How to complete this task
From the data below, please reproduce exactly everything from the line that contains "(PS) Jordan 4" down to the line that contains "retro-pink-aluminum-christmas-tree", with both ends included.

Study material
****************************************

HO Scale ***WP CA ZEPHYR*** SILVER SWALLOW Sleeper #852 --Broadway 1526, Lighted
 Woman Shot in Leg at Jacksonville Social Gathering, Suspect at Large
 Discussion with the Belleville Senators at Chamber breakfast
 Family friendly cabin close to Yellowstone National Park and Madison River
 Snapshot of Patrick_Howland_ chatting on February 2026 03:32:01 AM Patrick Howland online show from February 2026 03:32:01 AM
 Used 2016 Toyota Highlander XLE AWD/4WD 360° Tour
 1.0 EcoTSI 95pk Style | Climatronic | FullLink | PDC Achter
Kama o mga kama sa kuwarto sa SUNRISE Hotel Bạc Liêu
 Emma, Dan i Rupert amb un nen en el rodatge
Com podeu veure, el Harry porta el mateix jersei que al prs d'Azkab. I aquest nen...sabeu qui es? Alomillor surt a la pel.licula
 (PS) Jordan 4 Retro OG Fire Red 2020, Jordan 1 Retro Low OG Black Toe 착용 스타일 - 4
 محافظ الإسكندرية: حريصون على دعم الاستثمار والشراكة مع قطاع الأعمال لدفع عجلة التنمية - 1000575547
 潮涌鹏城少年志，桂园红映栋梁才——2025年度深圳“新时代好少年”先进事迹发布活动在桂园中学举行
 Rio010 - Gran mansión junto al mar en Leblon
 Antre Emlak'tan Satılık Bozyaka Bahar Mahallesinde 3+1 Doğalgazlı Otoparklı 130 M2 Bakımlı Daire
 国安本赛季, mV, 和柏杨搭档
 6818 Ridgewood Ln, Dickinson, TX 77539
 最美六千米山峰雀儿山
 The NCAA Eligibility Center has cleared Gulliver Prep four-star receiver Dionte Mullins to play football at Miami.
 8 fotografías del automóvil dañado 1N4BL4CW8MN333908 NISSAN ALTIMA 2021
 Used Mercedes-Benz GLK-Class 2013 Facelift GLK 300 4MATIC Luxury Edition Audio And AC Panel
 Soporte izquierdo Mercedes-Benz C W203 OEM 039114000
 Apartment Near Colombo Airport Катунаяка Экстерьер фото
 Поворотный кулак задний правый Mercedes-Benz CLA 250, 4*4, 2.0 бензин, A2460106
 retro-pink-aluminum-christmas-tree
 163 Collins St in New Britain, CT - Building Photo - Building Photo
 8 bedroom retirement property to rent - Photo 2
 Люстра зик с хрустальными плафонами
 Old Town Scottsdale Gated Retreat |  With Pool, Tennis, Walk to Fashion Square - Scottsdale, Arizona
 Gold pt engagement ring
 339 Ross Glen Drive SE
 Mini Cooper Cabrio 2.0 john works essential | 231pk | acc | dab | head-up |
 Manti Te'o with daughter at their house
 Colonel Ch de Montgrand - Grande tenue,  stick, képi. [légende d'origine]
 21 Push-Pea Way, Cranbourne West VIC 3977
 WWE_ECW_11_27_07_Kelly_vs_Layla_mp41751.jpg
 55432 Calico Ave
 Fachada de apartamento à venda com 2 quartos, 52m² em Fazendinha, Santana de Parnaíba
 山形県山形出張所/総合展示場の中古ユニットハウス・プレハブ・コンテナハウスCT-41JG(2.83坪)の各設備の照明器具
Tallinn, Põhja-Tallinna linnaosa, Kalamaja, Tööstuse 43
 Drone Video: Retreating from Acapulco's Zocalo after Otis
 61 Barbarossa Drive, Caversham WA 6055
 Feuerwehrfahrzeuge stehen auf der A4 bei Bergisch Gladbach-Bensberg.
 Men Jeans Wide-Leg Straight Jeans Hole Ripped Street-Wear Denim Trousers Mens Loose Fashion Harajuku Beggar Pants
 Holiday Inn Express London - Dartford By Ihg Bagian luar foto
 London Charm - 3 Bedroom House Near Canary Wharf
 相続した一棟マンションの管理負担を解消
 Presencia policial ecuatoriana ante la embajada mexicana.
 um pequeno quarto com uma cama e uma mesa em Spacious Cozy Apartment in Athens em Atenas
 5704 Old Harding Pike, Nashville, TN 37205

****************************************

Solution below
 (PS) Jordan 4 Retro OG Fire Red 2020, Jordan 1 Retro Low OG Black Toe 착용 스타일 - 4
 محافظ الإسكندرية: حريصون على دعم الاستثمار والشراكة مع قطاع الأعمال لدفع عجلة التنمية - 1000575547
 潮涌鹏城少年志，桂园红映栋梁才——2025年度深圳“新时代好少年”先进事迹发布活动在桂园中学举行
 Rio010 - Gran mansión junto al mar en Leblon
 Antre Emlak'tan Satılık Bozyaka Bahar Mahallesinde 3+1 Doğalgazlı Otoparklı 130 M2 Bakımlı Daire
 国安本赛季, mV, 和柏杨搭档
 6818 Ridgewood Ln, Dickinson, TX 77539
 最美六千米山峰雀儿山
 The NCAA Eligibility Center has cleared Gulliver Prep four-star receiver Dionte Mullins to play football at Miami.
 8 fotografías del automóvil dañado 1N4BL4CW8MN333908 NISSAN ALTIMA 2021
 Used Mercedes-Benz GLK-Class 2013 Facelift GLK 300 4MATIC Luxury Edition Audio And AC Panel
 Soporte izquierdo Mercedes-Benz C W203 OEM 039114000
 Apartment Near Colombo Airport Катунаяка Экстерьер фото
 Поворотный кулак задний правый Mercedes-Benz CLA 250, 4*4, 2.0 бензин, A2460106
 retro-pink-aluminum-christmas-tree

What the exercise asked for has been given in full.